Further discussion from Common Room (with particular attention to pre-1985 books: “I think the CPSC just turned my library into contraband. Or something.”) and Ian at Musings of a Catholic Bookstore. Rumor has it that CPSC will issue further guidance on thrift stores and resellers on or before Tuesday, but as Common Room cautions, “There’s a Difference Between a Policy and a Law“.

P.S. Note, incidentally, that the phthalate ban applies to a different (and generally narrower) range of products than does the lead ban: in particular, playthings and child care items. Peas and Bananas has reprinted the details (& welcome Publisher’s Weekly readers).

Public domain image: Grandma’s Graphics, Mabel Betsy Hill.

Preacher’s lawsuit: “Religulous” made me look silly

Rev. Jeremiah Cummings of Orlando wants $50 million from Lionsgate for his unflattering portrayal on screen, saying Bill Maher and his filmmaking team did not level with him about the kind of movie they were making. However, as Matthew Heller notes, similar remorse suits over Sacha Baron Cohen’s “Borat” mostly flopped, with eight of nine thrown out before the discovery stage.

NRDC’s non-compliant onesie

Presumably the Natural Resources Defense Council, which filed the successful lawsuit under CPSIA to make unlawful the sale of large existing inventories of children’s goods, will yank from its online store its own infant offering before next Tuesday. On Twitter, an NRDC person said the group didn’t think its use of the garment as a premium was covered by the law because only manufacturers have to worry about testing, right? (Wrong.) Common Room and Patrick @ Popehat have the story. More: Kathleen Fasanella.

Do as we sue, not as we do, or something like that.

P.S. A totally different legal angle on “onesie”: I hadn’t realized Gerber claims ownership of the word and sends out nastygrams to back up that view.

Mel Weiss invested with Madoff

American Lawyer has the story (more: AmLaw Daily, ABA Journal). Because, if you asked why the former dean of the shareholder class-action plaintiff’s bar deserved those hundreds of millions in court-ordered fees, you would have been told that society needed to reward his unsurpassed skills at sniffing out securities fraud. Can you imagine how Weiss as a lawyer would have shredded some hapless middleman financial defendant who thought it wasn’t necessary to do due diligence on an investment manager in placing funds because, well, he seemed like a nice guy at the time?
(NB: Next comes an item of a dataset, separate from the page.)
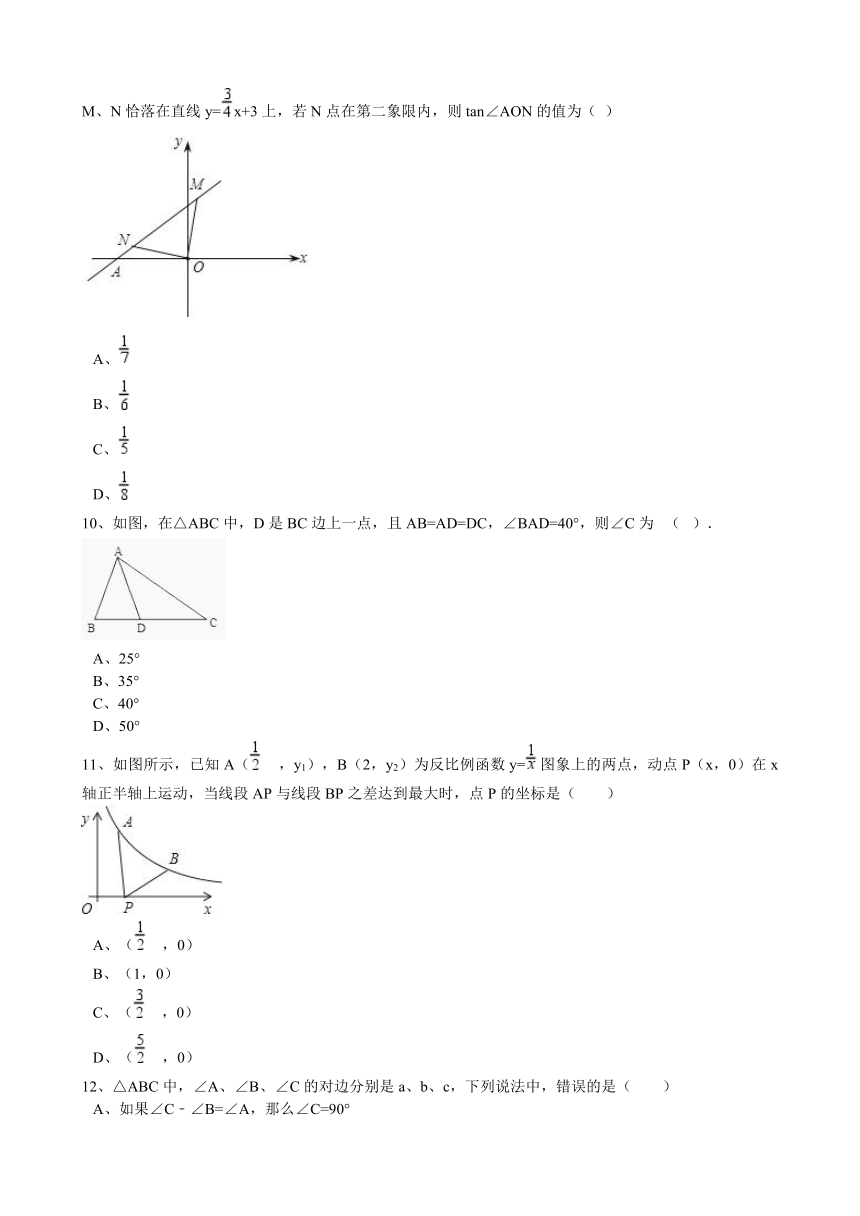 2.1 三角形 同步练习（含答案解析）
Weiss is in jail now on unrelated charges, of course, but he might make a fun person to name as lead plaintiff in a suit against Madoff.

CPSIA chronicles, February 6

A Wall Street Journal editorial this morning:

The runaway train that is the Consumer Product Safety Improvement Act is heading toward a collision next Tuesday. … The Consumer Product Safety Commission (CPSC) has voted to delay the requirements for one year but this will have little practical impact: The lead standards still apply and retailers don’t want to carry uncertified products lest they become targets of plaintiffs attorneys and state attorneys general. … Senator Jim DeMint is planning to offer an amendment to the stimulus package to [introduce some rationality into the law], though getting support for it will be a taller order.
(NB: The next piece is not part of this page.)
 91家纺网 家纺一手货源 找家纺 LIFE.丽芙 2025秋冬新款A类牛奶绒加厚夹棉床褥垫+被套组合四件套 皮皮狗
Advocates of a maximally stringent CPSIA on Capitol Hill and among purported consumer groups won two victories yesterday. In one, a New York federal court struck down an interpretation by the CPSC that would have banned only the manufacture or importation, and not the sale, of children’s products containing certain phthalates (chemicals used in softening plastics) as of Feb. 10. The effect of that policy would have been to allow businesses to sell off old inventories until they were gone. The judge ruled that the law by its terms clearly bans sale as well, which means existing toy inventories either not free of the chemicals, or which cannot be practicably tested to disprove their presence, will presumably become valueless as of next Tuesday and headed for landfills. “It won’t be hard for them” (makers of children’s goods) to comply, said attorney Aaron Colangelo of the Natural Resources Defense Council, and one must assume Mr. Colangelo is willing to take the risk of becoming a laughingstock if that prediction doesn’t pan out. In the other ruling, the CPSC turned down an emergency request to suspend the law’s operation for six months.

In other news, the New York Times finally covered CPSIA yesterday. Well, actually, it only covered one sub-sub-category of the CPSIA catastrophe, the effective ban on kids’ dirt bikes, and only on its automotive blog Wheels rather than in the newspaper proper. But you have to start somewhere. And this morning it ran a brief AP item presenting the court decision on phthalates from the consumer groups’ point of view. As I’ve mentioned, the Times sets the tone for news coverage at many other news organizations, and it has still not seen fit to inform its readers that the law poses any problem whatsoever for crafters, small apparel makers, publishers of children’s books, libraries, resale and thrift stores, or the makers of board games, comic books, musical instruments, religious goods, hair scrunches, or ballpoint pens. Oh, except for that blog item on dirt bikes.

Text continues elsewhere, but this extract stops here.